Example: pingpong benchmark

import Control.Concurrent
import Control.Exception
import Control.Monad

pingpong :: Bool -> Int -> IO ()
pingpong v n = do
  mvc <- newEmptyMVar
  mvp <- newEmptyMVar
  let parent n | n > 0 = do when v $ putStr $ " " ++ show n
                            putMVar mvc n
                            takeMVar mvp >>= parent
             | otherwise = return ()
      child = do n <- takeMVar mvc
                 putMVar mvp (n - 1)
                 child
  tid <- forkIO child
  parent n `finally` killThread tid
  when v $ putStrLn ""

*Main> pingpong True 10
 10 9 8 7 6 5 4 3 2 1

Sidenote: benchmarking

• Bryan has a kick-ass benchmarking library criterion

import Criterion.Main

...

main :: IO ()
main = defaultMain [
        bench "thread switch test" mybench
       ]
    where mybench = pingpong False 10000

$ ghc -O pingpong.hs 
[1 of 1] Compiling Main             ( pingpong.hs, pingpong.o )
Linking pingpong ...
$ ./pingpong 
...
benchmarking thread switch test
mean: 3.782984 ms, lb 3.770838 ms, ub 3.798160 ms, ci 0.950
std dev: 69.27807 us, lb 55.00853 us, ub 88.83503 us, ci 0.950

• ~3.8 msec for 20,000 thread switches = ~190 nsec/switch

OS threads

• GHC also has two versions of the haskell runtime
  • By default, all Haskell threads run in a single OS thread
  • Link with -threaded to allow OS threads (pthread_create) as well

• forkOS call creates Haskell thread bound to a new OS thread

  forkOS :: IO () -> IO ThreadId

• Also, when linked with -threaded, initial thread is bound

• Whoa... what happened? -threaded 30 times slower?

$ rm pingpong
$ ghc -threaded -O pingpong.hs 
Linking pingpong ...
$ ./pingpong
...
mean: 113.6852 ms, lb 113.5195 ms, ub 113.8770 ms, ci 0.950
std dev: 912.0979 us, lb 731.0661 us, ub 1.226794 ms, ci 0.950

Bound vs. unbound threads

• Without -threaded, all Haskell threads run in one OS thread
  • Thread switch is basically just a procedure call, i.e. super-fast
• -threaded introduces multiple OS-level threads
  • Some Haskell threads are bound to a particular OS thread
  • Unbound Haskell threads share (and migrate between) OS threads
  • unbound haskell threads have same performance as w/o -threaded
• Initial thread bound, so we were actually benchmarking Linux
  • Can wrap parent thread in forkIO to make it unbound

  wrap :: IO a -> IO a
  wrap action = do
    mv <- newEmptyMVar
    _ <- forkIO $ (action >>= putMVar mv) `catch`
         \e@(SomeException _) -> putMVar mv (throw e)
    takeMVar mv

  • But library has better function runInUnboundThread

What good are OS threads?

• If an unbound thread blocks, can block whole program
  • Unix runtime tries to avoid blocking syscalls, but can't avoid blocking for things like file system IO and paging
  • With -threaded, GHC ensures safe FFI calls run in separate OS thread
  • unsafe FFI calls from unbound threads can block other threads
• FFI functions may expect to be called from same thread
  • E.g., foreign code using pthread_getspecific can get confused if called from a migrated unbound thread
• May want to override scheduler and run on particular CPU
  • E.g., see forkOn

Asynchronous exceptions

• Some handy MVar utility functions for updating a value

  modifyMVar :: MVar a -> (a -> IO (a, b)) -> IO b
  modifyMVar_ :: MVar a -> (a -> IO a) -> IO ()
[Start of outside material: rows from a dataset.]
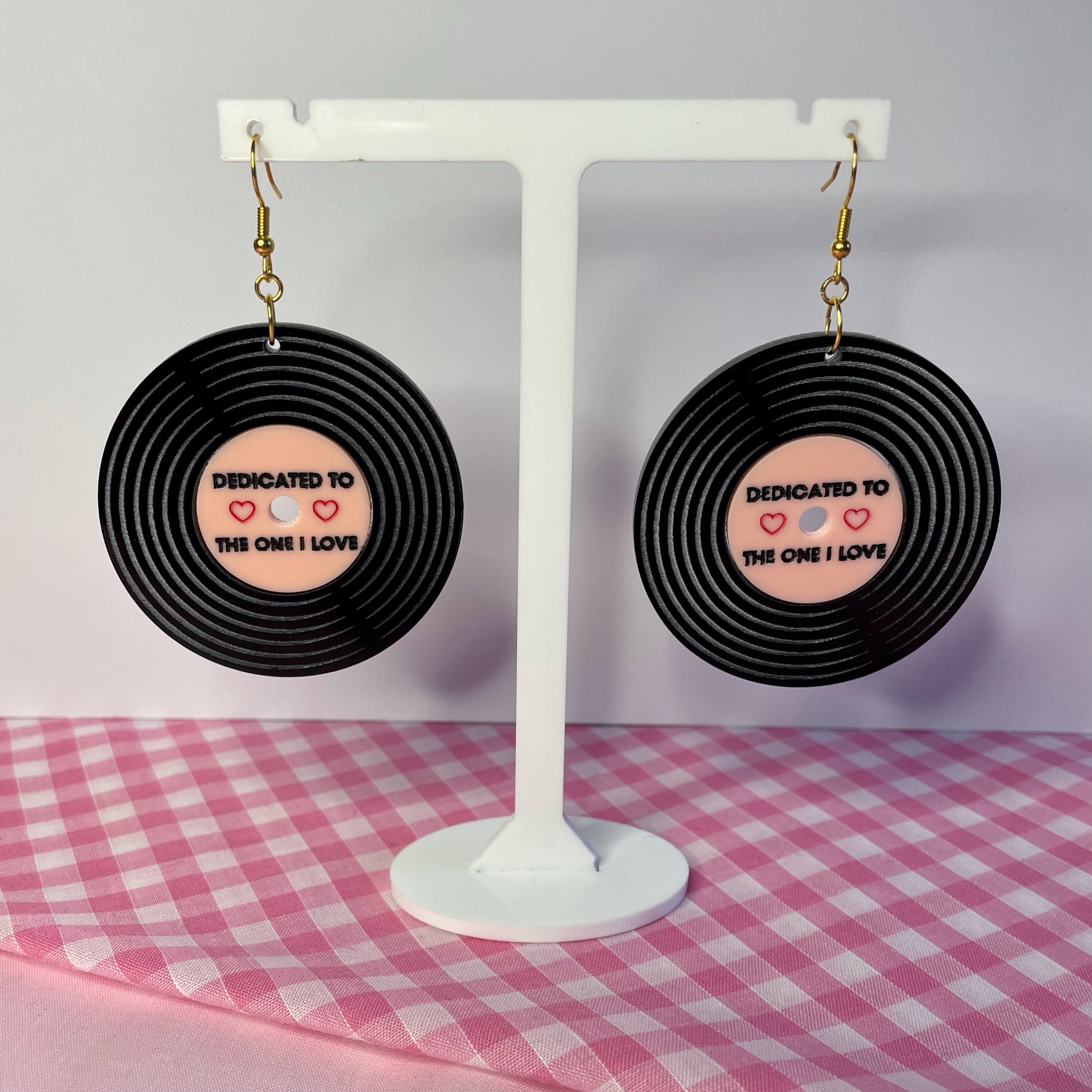 A pair of Dedicated Record Earrings featuring laser-cut black and baby pink acrylic in a vintage record design, measuring 5.2cm each.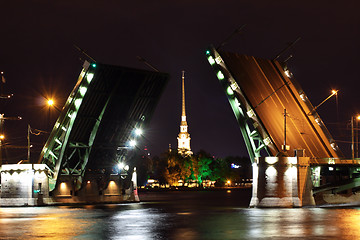 Image showing open drawbridge at night in St. Petersburg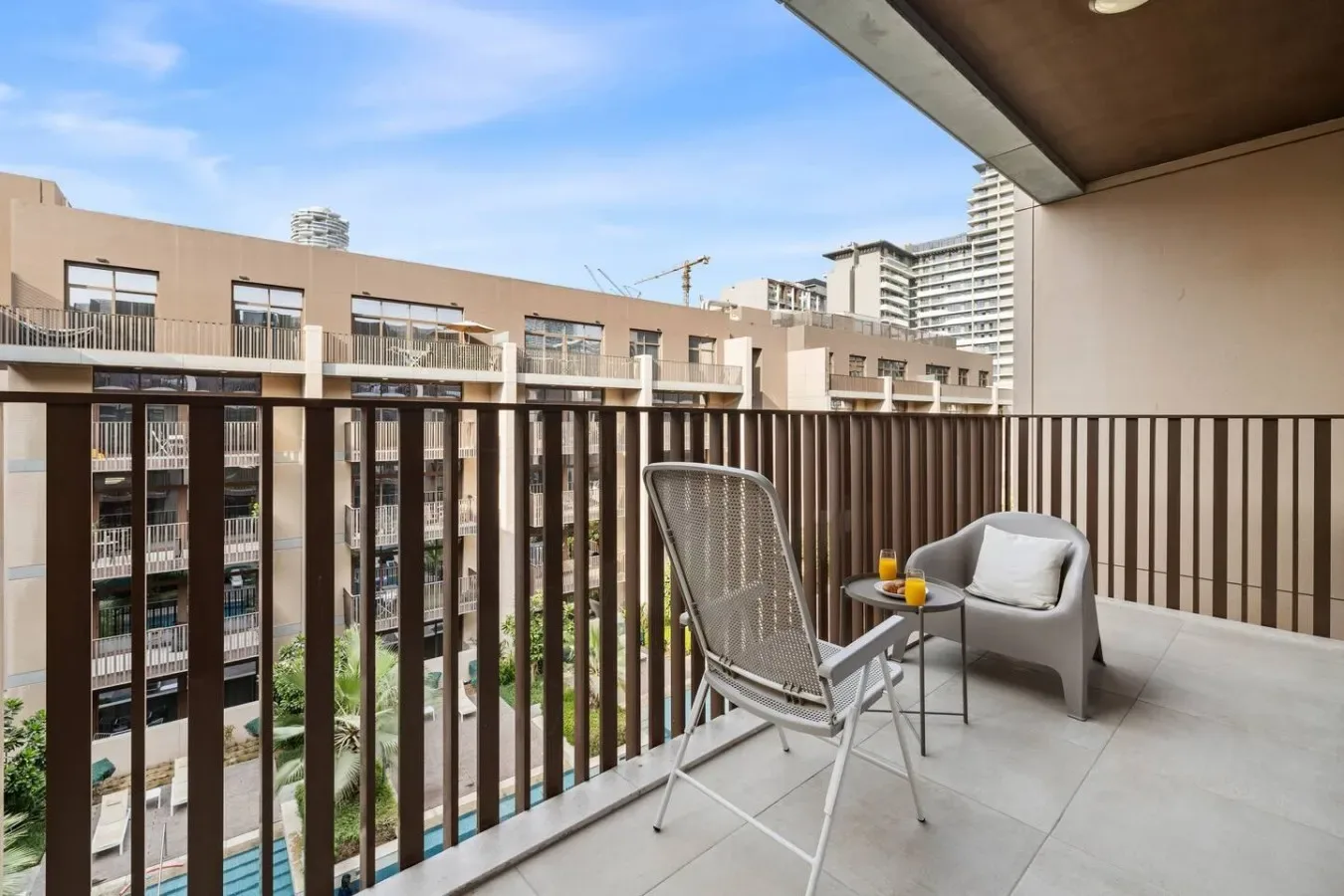Una zona de descanso en el balcón tiene vistas a edificios de apartamentos cercanos.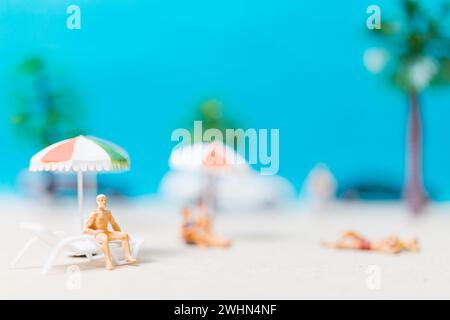 Miniaturgänger in Badeanzügen, die sich am Strand entspannen Stockfoto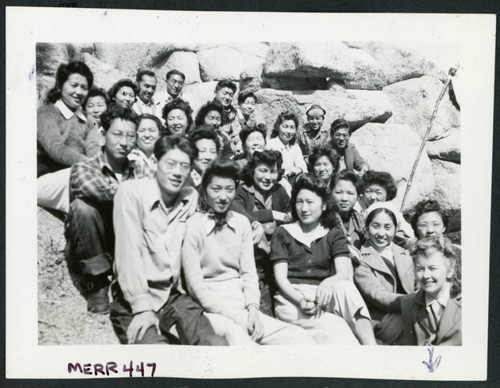 Photograph of a group of people, including Bernice Sibner, sitting on rocks in the Sierra Nevada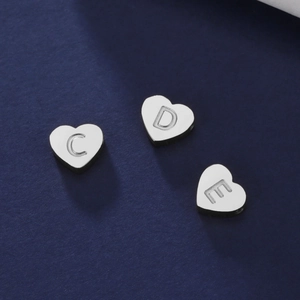 Détail macro de pendentifs en forme de cœur en acier inoxydable avec lettres gravées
  • E.g., "modifyMVar x (\n -> return (n+1, n))" like "x++" in C

• How would you implement modifyMVar?

  modifyMVar :: MVar a -> (a -> IO (a,b)) -> IO b
  modifyMVar m action = do
    v0 <- takeMVar m
    (v, r) <- action v0 `onException` putMVar m v0
    putMVar m v
    return r

  • Anyone see a problem? (Hint: remember throwTo, killThread)

Asynchronous exceptions

• Some handy MVar utility functions for updating a value

  modifyMVar :: MVar a -> (a -> IO (a, b)) -> IO b
  modifyMVar_ :: MVar a -> (a -> IO a) -> IO ()

  • E.g., "modifyMVar x (\n -> return (n+1, n))" like "x++" in C

• How would you implement modifyMVar?

  modifyMVar :: MVar a -> (a -> IO (a,b)) -> IO b
  modifyMVar m action = do
    v0 <- takeMVar m -- -------------- oops, race condition
    (v, r) <- action v0 `onException` putMVar m v0
    putMVar m v
    return r

  • What if another thread calls killThread on the current thread while current thread between takeMVar and onException
  • timeout and wrap functions from a few slides ago have same problem

Masking exceptions

• The mask function can sidestep such race conditions

  mask :: ((forall a. IO a -> IO a) -> IO b) -> IO b

  • This is a funny type signature--uses an extension called RankNTypes. For now, ignore "forall a."--just makes function more flexible
  • mask $ \f -> b runs action b with asynchronous exceptions masked
  • Function f allows exceptions to be unmasked again for an action
  • Exceptions are also unmasked if thread sleeps (e.g., in takeMVar)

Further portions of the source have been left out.